Today Jimmy was looking back at some old photos of our last two babies, to compare the looks of these last three.  Trying to see who looked like who.  Because of this, I came across some old photos of our kids, some of me pregnant with previous children...and the immense happiness and blessing I felt was almost overwhelming.  (I am, after all, post partem and thus emotional now.)  My children are healthy, wonderful, amazing, and they just keep being more fun, more exciting, and more full of life every day.
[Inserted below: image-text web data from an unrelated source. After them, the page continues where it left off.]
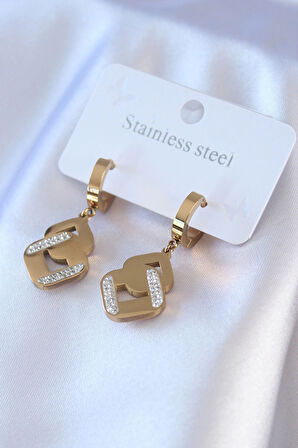 Dodes 316L Çelik Gold Renk Zirkon Taşlı Kadın Küpe TG27BKP7703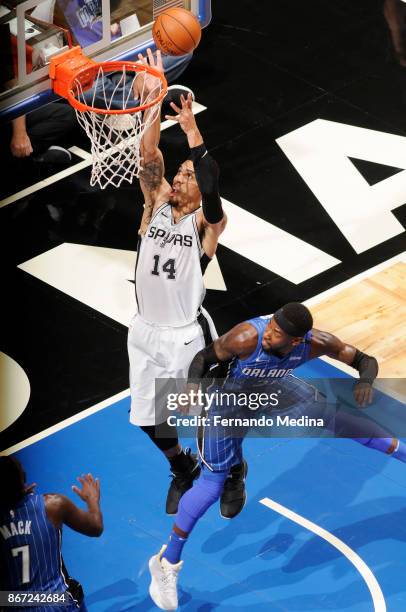 Danny Green of the San Antonio Spurs shoots the ball against the Orlando Magic on October 27, 2017 at Amway Center in Orlando, Florida. NOTE TO USER:...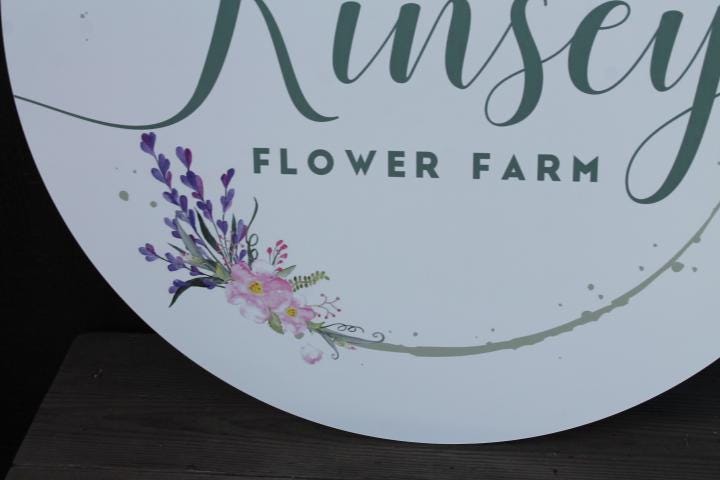 Personalized Flower Farm Floral Smooth Waterproof Sign PVC Plastic Fade Resistant Round Circle Logo Custom Business Signage Commerical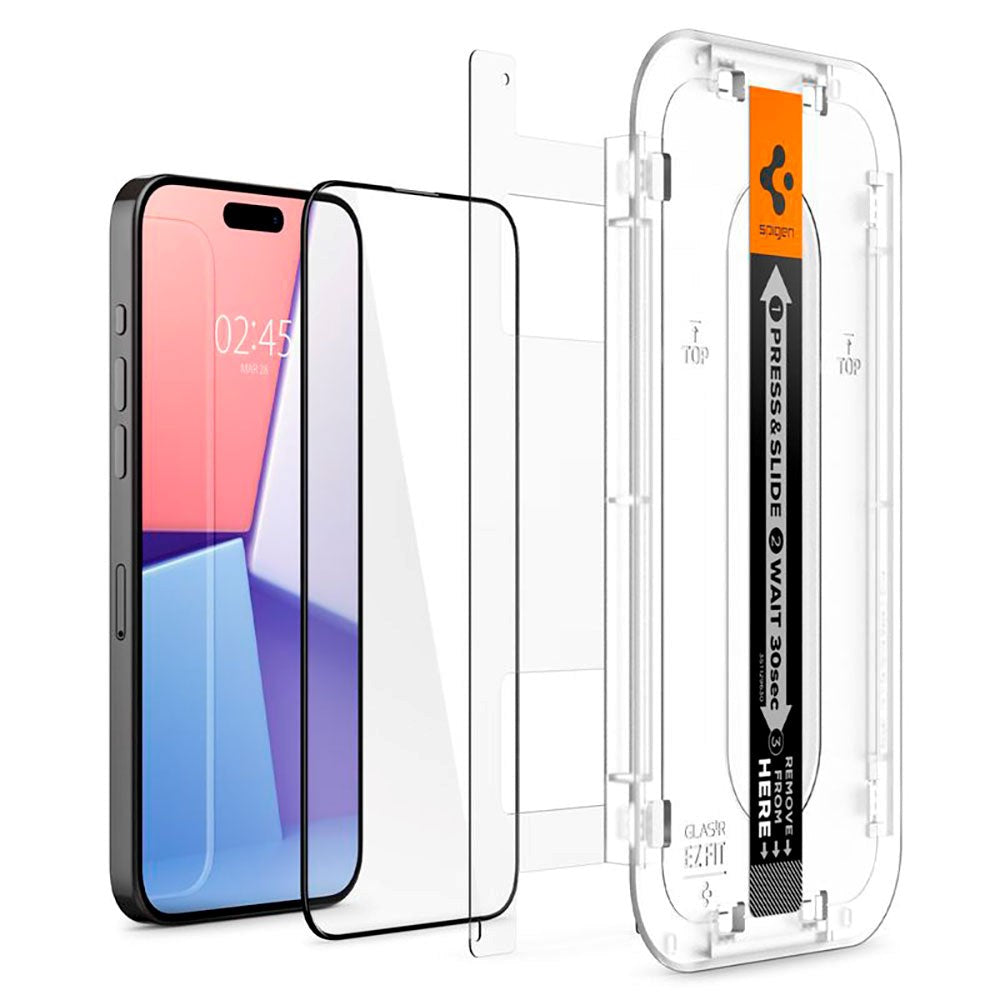 Spigen iPhone 15 Pro EZ Fit Glas.tR Skærmbeskyttelse 2. Stk - Case Friendly - Sort Kant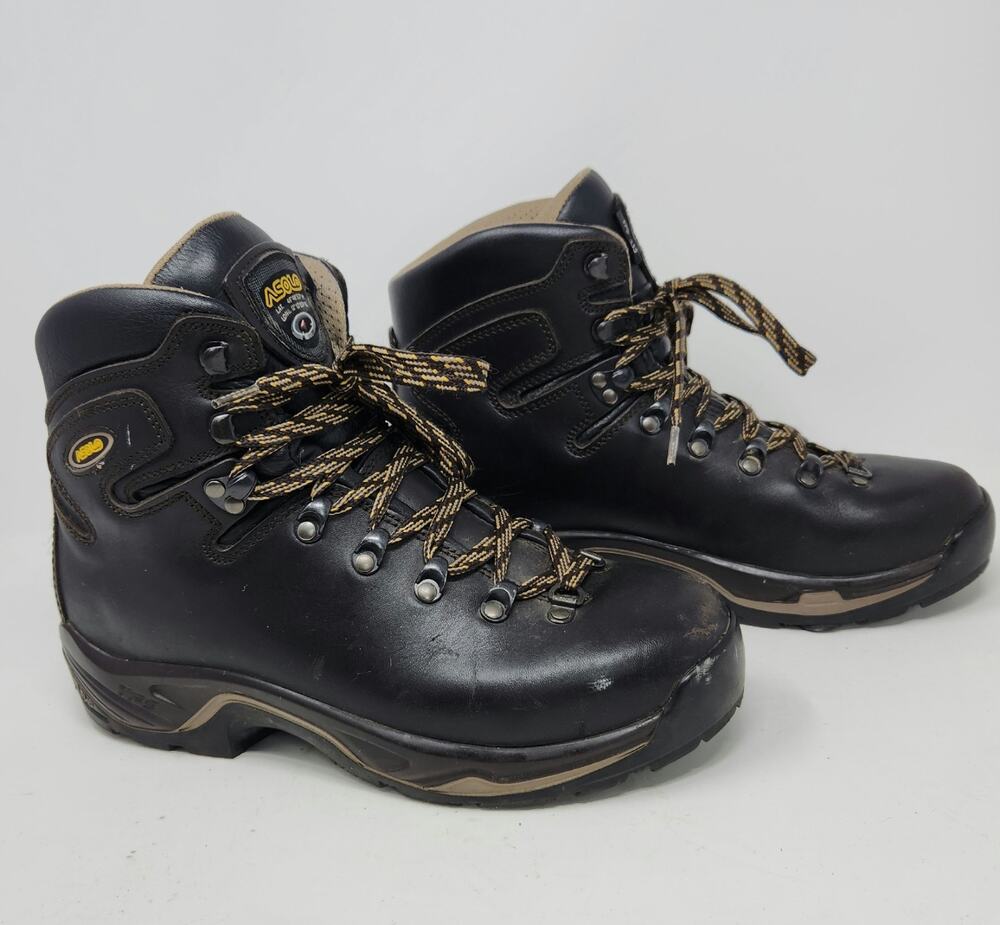 Asolo TPS 535 LTH V EVO Hiking Shoes Mens US Size 9 Black Leather Mid Top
This pregnancy was not fun, exciting, wonderful, or amazing.  It was challenging, hard, and miserable at times.  Yet God kept reminding me that I was full of joy.  (Psalm 16) I had a life inside me.  I was literally filled with joy.  I knew this, but because of the difficulties I felt this joy was cloaked in uncertainty, obstacles, and pain.  Cloaked in suffering, but still one hundred percent joy.

So her name is Violet Joy.  Violet is an interesting color.  It covers a range of emotions.  It is not a color clear in message.  But it is now.  Because Joy has a color.  And her name is Violet.